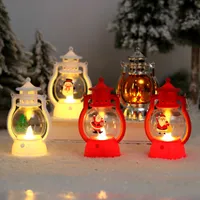 LED 다기능 조명 크리스마스 랜턴 LED 촛불 차 라이트 캔들 홈 크리스마스 장식을위한 메리 크리스마스 장식 산타 클로스 엘크 램프 새해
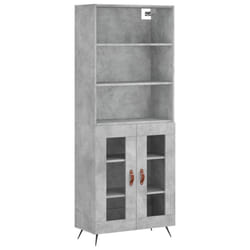 vidaXL Highboard Sideboard Storage Cabinet Cupboard Cabinet Engineered Wood - concrete grey, 2 glass doors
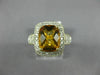 EXTRA LARGE 3.40CT DIAMOND & AAA CITRINE 14KT 2 TONE GOLD CUSHION FILIGREE RING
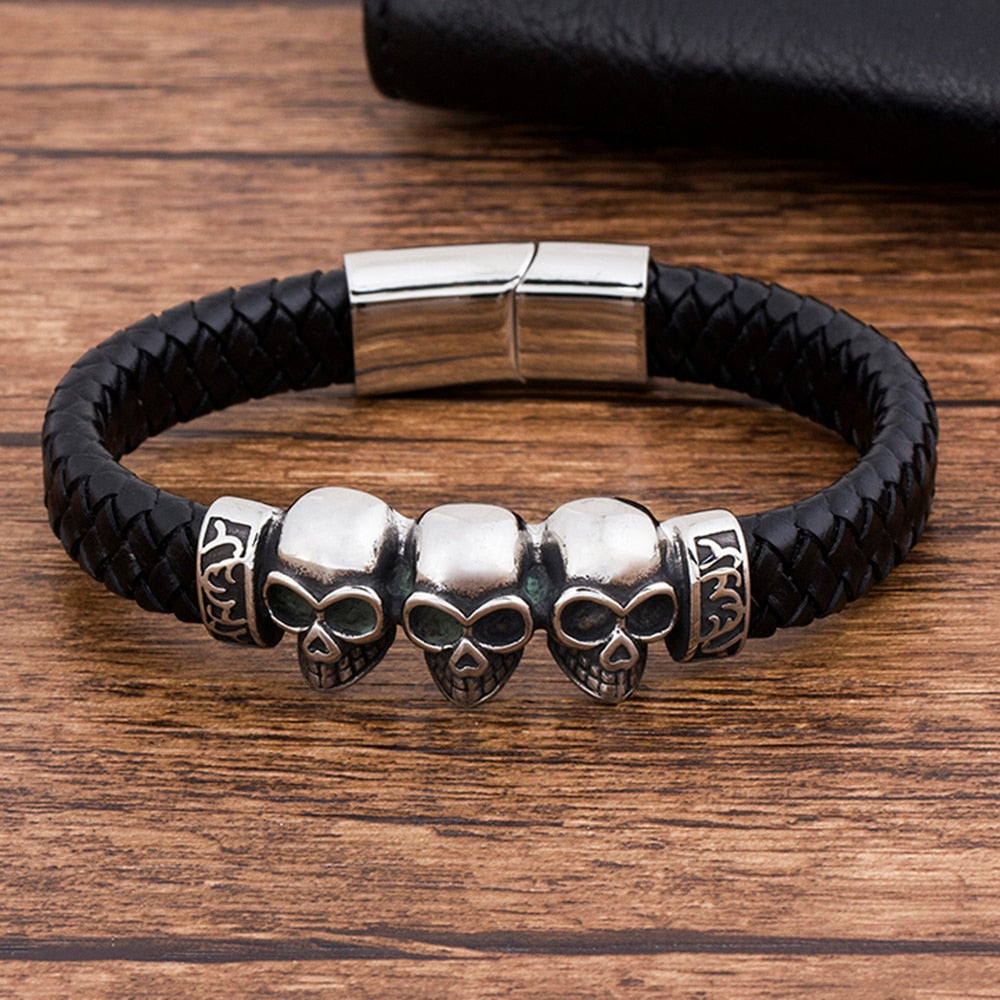 TYO Trendy Woven Rope Magnetic Braided Bone Steel Punk Metal Brand Fashion Genuine Leather Bracelet Skull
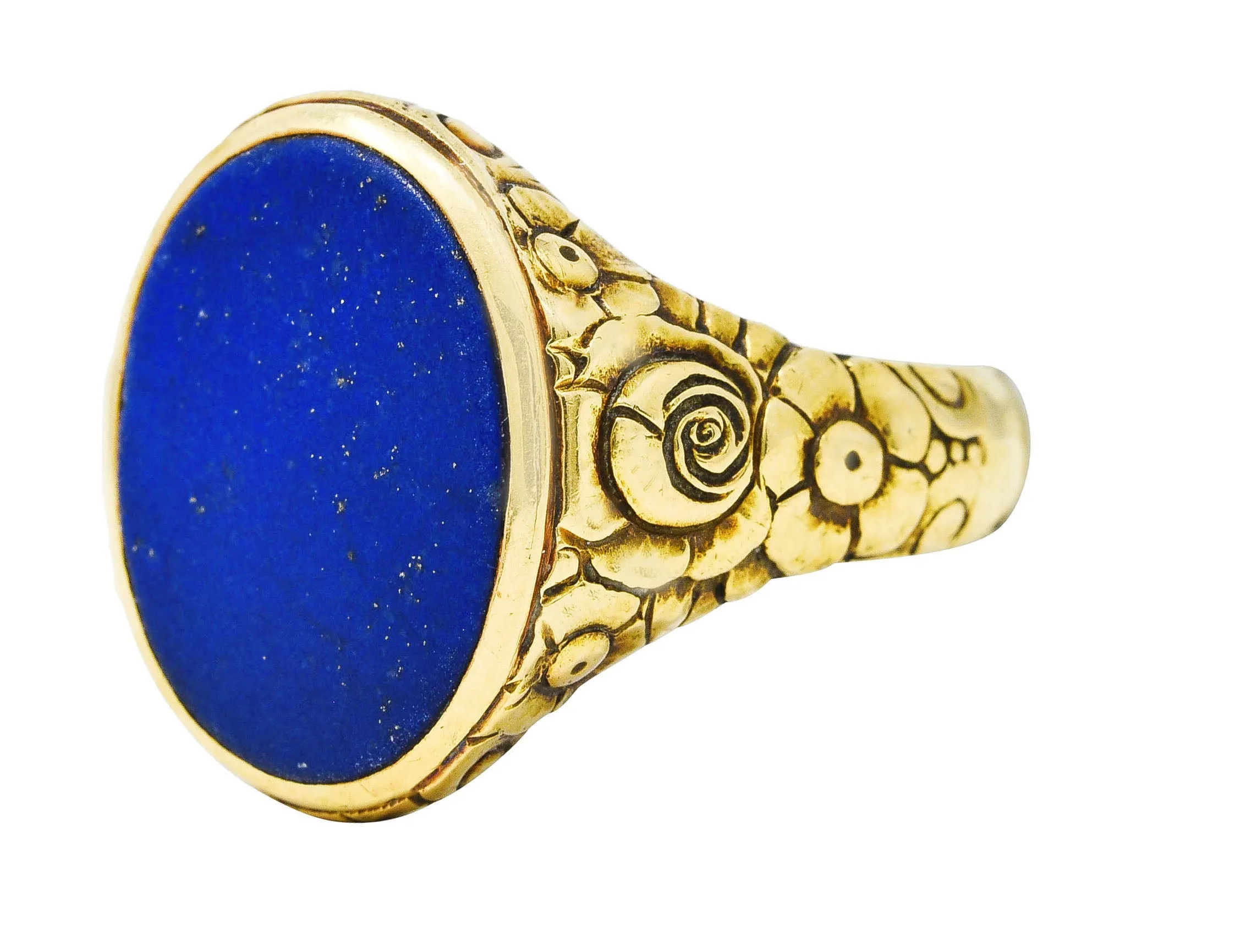 Art Nouveau Lapis Lazuli 14 Karat Yellow Gold Floral Unisex Signet Ring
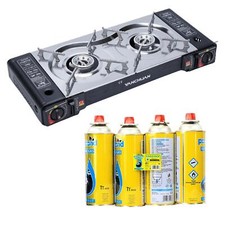 Portable Double 2 Burner Gas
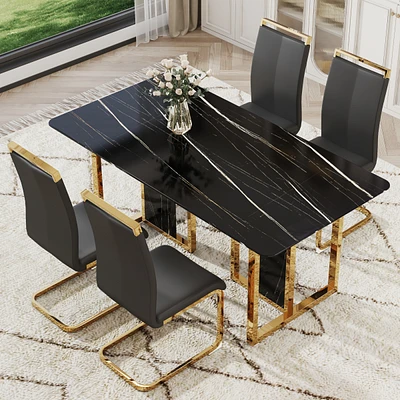 Streamdale Furniture Table and chair set. Modern dining table with Mdf top and beautiful Mdf legs. Equipped with comfortable Pu chairs and metal legs.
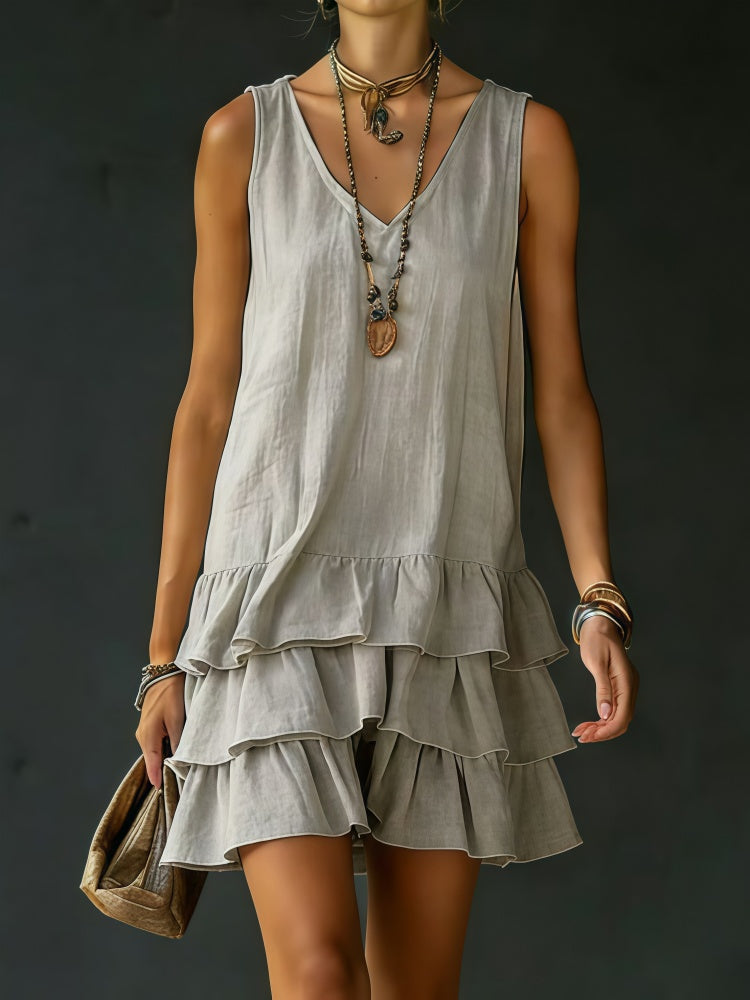 Fashionable loose-fitting casual solid color vest dress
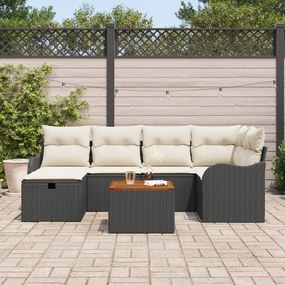 Conjunto de Sofás de Jardim vidaXL 7 Peças com Almofadas Preto Rattan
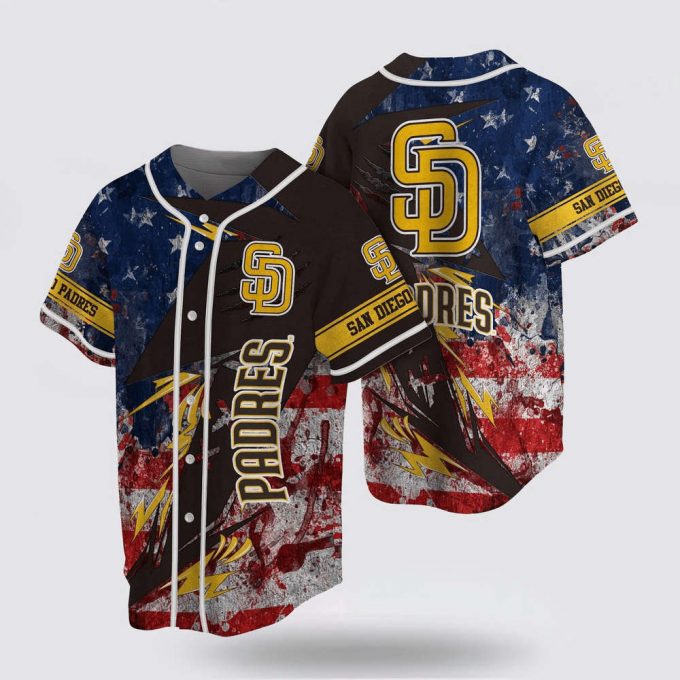 Mlb San Diego Padres Baseball Jersey With Us Flag For Fans Jersey 2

——

THE PROBLEM:
Once the line containing "Conjunto de Sofás" is found in the records above, it and every line after it up to the last must be repeated exactly, without pictures.

ANSWER TO THIS EXERCISE:
 Conjunto de Sofás de Jardim vidaXL 7 Peças com Almofadas Preto Rattan
 Mlb San Diego Padres Baseball Jersey With Us Flag For Fans Jersey 2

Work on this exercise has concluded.